> _Data provided_:
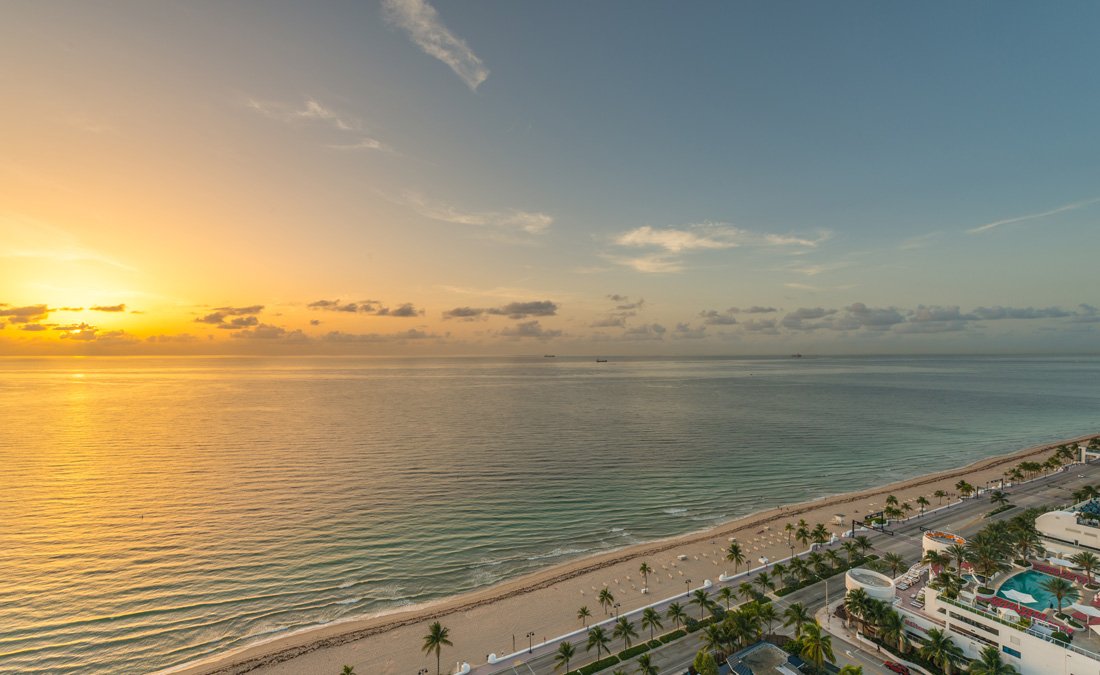 TheOceanFTL's tweet photo. It doesn't get old waking up to #sunrise views like this. #FortLauderdale #owndifferent #owntheocean https://t.co/wxKlKy41EN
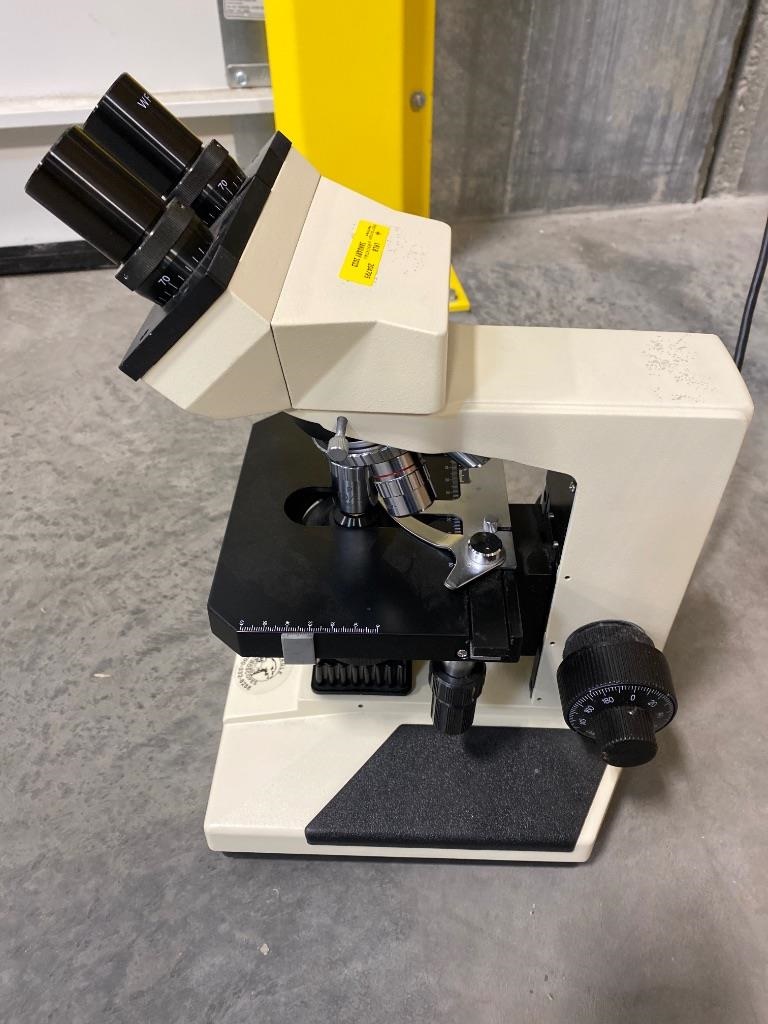 Eagle CMP2000 Microscope | Auction 20932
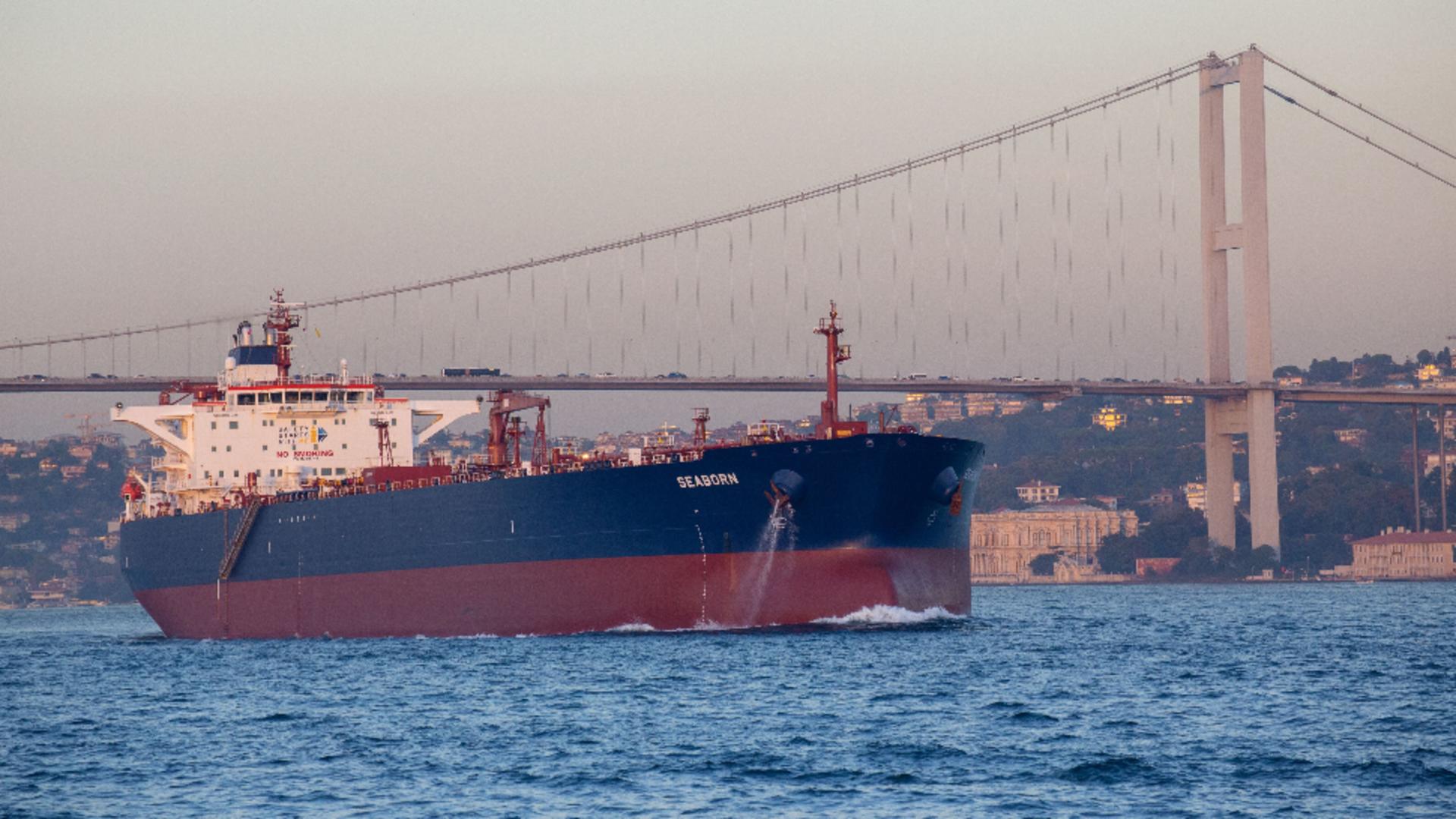 Vase „anonime” transportă petrol rusesc peste tot în lume. Foto/Profimedia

> _Exercise requirements_:
Please output the lines from the line that holds "Eagle CMP2000 Microscope | Auction 20932" through the final line of the material above, both included. Each line must match exactly, and pictures must be excluded.

> _The completed task_:
 Eagle CMP2000 Microscope | Auction 20932
 Vase „anonime” transportă petrol rusesc peste tot în lume. Foto/Profimedia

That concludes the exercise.